The problem? Well, Katie discovers the ring the night after making a terrible mistake. While Britt’s on the job, Katie goes out for karaoke with her veterinary classmates, gets drunk on Buttery Nipples, sings Olivia Newton-John’s “Suddenly” with her friend Gavin, rebuffs a pass from Gavin, and then sleeps with her professor.
I’ll tell you: I wasn’t crazy about the Katie storyline in this episode. It’s certainly not implausible that Katie would do something like this. She’s feeling insecure because Britt’s not as much a part of her world as vice-versa; and, of course, she’s blitzed. But I feel like Katie cheating is a too-predictable direction for a show this unpredictable to travel in—even if she doesn’t cheat with the man we expect her to cheat with.
That said, I fully expect Terriers to make good use of Katie’s slip-up in future episodes: not just as as a way to give her character something to stress out about, but by giving her a secret that may be a factor in a future plot. And really, I’d say that the show makes good use of her slip-up in this episode, by having her confess to Hank and having him comfort her, with years of alcoholic misadventures and self-destruction to draw on for sympathy. “You were drunk,” he says. “It wasn’t you.” And when she says that she can’t imagine looking Britt in the eye as though nothing ever happened, Hank reveals his own secret of getting through each day:
“Pretend.”
Grade: B+
Stray observations:
-“Aloof’s a good choice.”
-Hank warns Britt that if he marries Katie, they’ll see each other less, because Britt will start saying things like, “The wife don’t cotton to that.” Britt reassures Hank that he would never use the word “cotton” in that context.
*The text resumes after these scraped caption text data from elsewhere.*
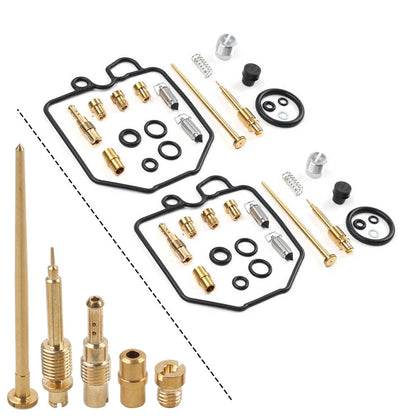 Carburetor Repair Kit for Honda Hawk CB400T & CB400N (1978-1981)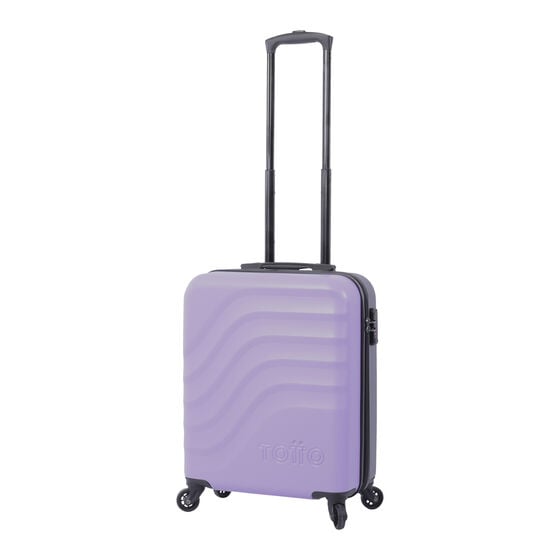 totto Maleta Bazy S - Morado Oferta especial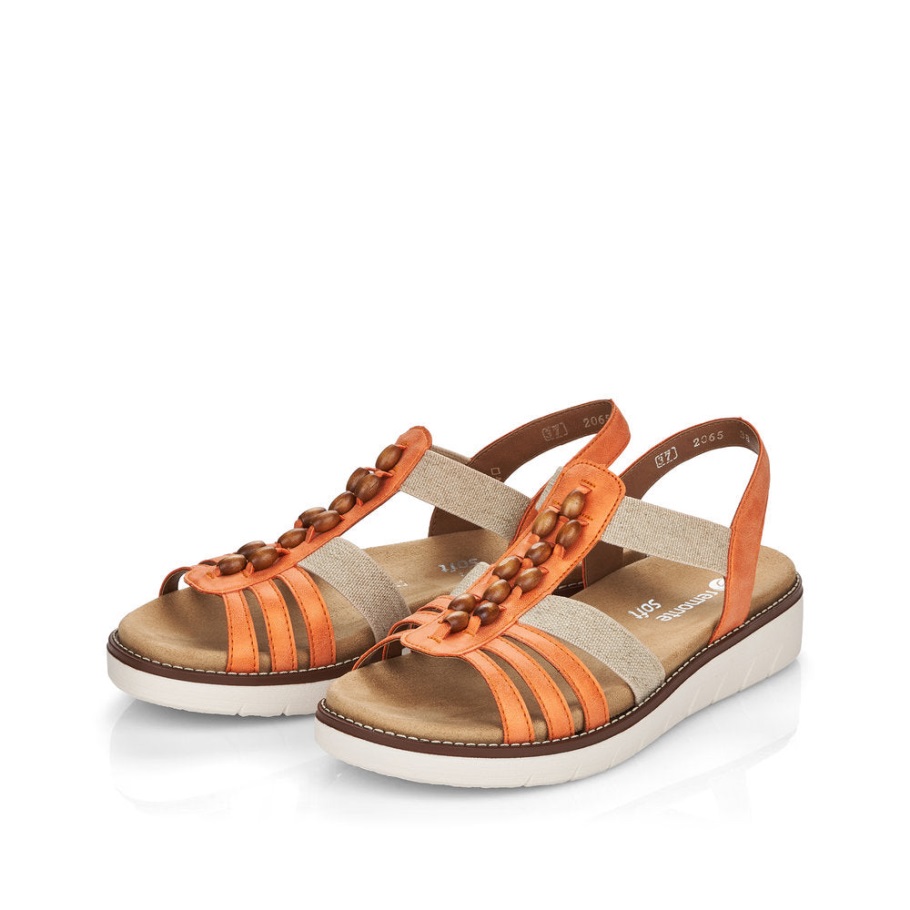 Rieker Heaven D2065 Jocelyn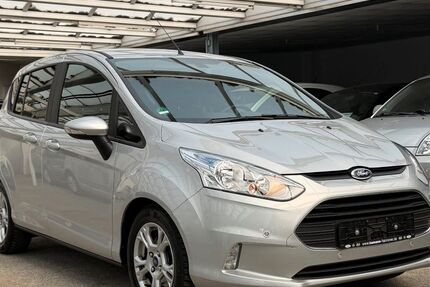 Ford B-Max 17.000 km 7.990 &euro; Hannover 30519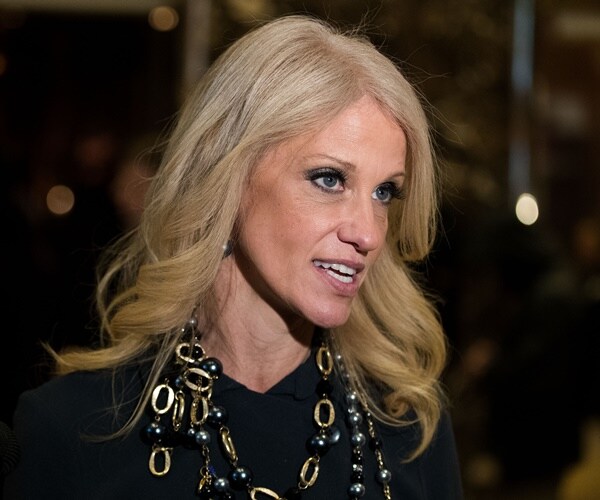 Report: Conway to Lead WH Initiative Against Opioid Crisis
-Snappy patter too between the boys and their lawyer/employer Maggie:
Britt: “Where’s the baby?”
Maggie: “I sold it. You know it shit absolutely everywhere?”
Britt: “Your boobs are huge.”
Maggie: “Stop staring at my son’s lunch.”
-A lot of shit in this week’s episode, from Katie’s teacher advising his class to check “fecal floatation” to Britt insisting that he’ll let Winston out and that “everyone will poop successfully in your absence.”
-I liked Britt and Hank killing time outside of Paola’s boutique by taking bets on which one she’ll turn out to be. And I liked Hank having to go to the car wash to rinse the shampoo out of his hair (and dry it!) after Paola boots him.
-When I head the name “Angelo Baldemetti” I immediately thought of this.
-Pot dealer: “Where do you know Angelo from?” Hank: “He does my taxes.”